## Problem details
Only an exact copy is wanted: the lines from the one holding "Ремни Tommy Hilfiger" through the last line below, minus the pictures.

*** Block opens ***

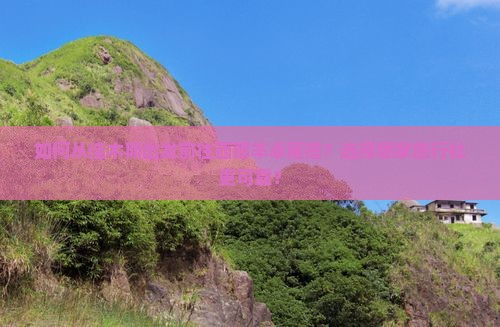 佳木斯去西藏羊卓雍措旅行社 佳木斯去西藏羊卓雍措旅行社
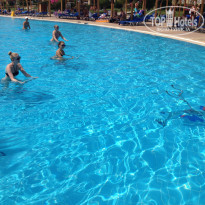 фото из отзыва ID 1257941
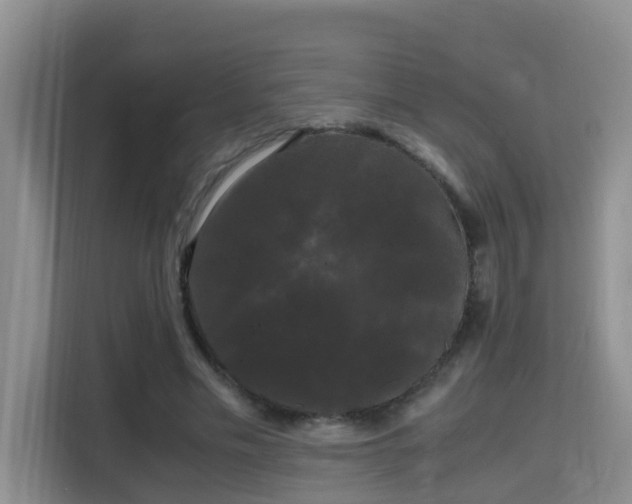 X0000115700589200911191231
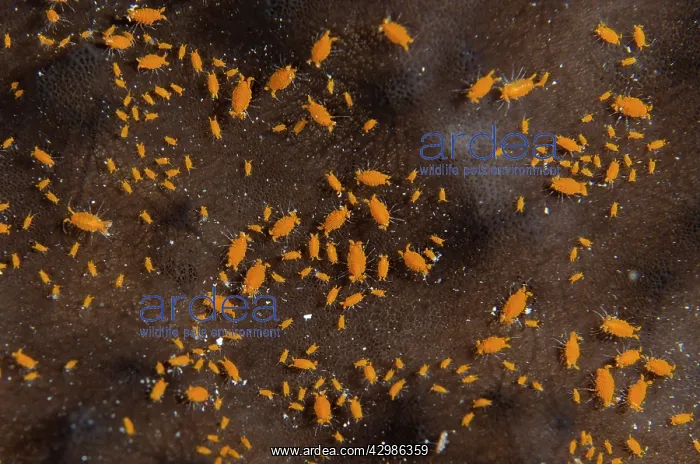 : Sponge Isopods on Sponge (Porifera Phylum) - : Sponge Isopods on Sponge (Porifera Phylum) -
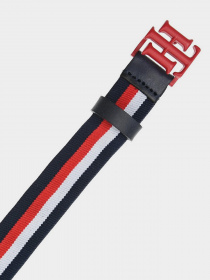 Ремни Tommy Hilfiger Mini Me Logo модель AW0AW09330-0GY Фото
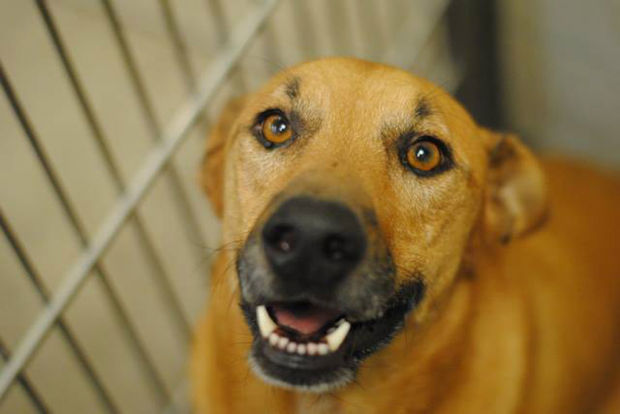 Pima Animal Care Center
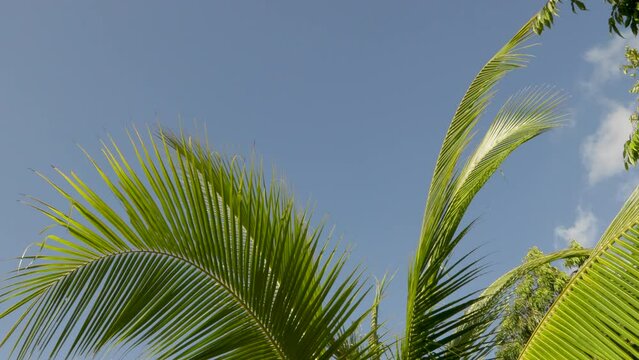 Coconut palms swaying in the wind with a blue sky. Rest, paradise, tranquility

*** Block closes ***

## Exercise result
 Ремни Tommy Hilfiger Mini Me Logo модель AW0AW09330-0GY Фото
 Pima Animal Care Center
 Coconut palms swaying in the wind with a blue sky. Rest, paradise, tranquility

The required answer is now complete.